_What is being asked_
Look through the entries below and extract exactly the lines from the one containing "3Pcs/Set Light Purple" through the one containing "NJ license plate B83KVA", ends included.

Collected data:
####################

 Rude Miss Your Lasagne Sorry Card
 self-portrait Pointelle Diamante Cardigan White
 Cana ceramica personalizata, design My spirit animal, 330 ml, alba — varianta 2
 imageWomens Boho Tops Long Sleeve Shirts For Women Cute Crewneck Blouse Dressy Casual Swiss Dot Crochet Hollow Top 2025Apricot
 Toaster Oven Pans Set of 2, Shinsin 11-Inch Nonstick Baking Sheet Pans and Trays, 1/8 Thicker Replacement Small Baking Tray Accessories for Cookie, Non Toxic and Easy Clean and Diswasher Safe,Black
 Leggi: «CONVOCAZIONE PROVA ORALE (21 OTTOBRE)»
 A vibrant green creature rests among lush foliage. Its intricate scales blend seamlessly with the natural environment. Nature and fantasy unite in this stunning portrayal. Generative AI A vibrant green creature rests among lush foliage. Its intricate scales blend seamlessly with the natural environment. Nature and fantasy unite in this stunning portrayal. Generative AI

####################

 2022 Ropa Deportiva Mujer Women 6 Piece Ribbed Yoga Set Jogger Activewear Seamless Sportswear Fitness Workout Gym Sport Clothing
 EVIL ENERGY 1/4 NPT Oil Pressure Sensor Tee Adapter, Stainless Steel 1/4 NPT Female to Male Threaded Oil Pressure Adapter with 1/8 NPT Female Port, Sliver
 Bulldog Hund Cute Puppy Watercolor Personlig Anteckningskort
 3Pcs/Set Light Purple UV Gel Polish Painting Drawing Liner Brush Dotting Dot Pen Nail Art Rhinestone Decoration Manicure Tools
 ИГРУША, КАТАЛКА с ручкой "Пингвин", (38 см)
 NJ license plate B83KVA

####################

_Task result_
 3Pcs/Set Light Purple UV Gel Polish Painting Drawing Liner Brush Dotting Dot Pen Nail Art Rhinestone Decoration Manicure Tools
 ИГРУША, КАТАЛКА с ручкой "Пингвин", (38 см)
 NJ license plate B83KVA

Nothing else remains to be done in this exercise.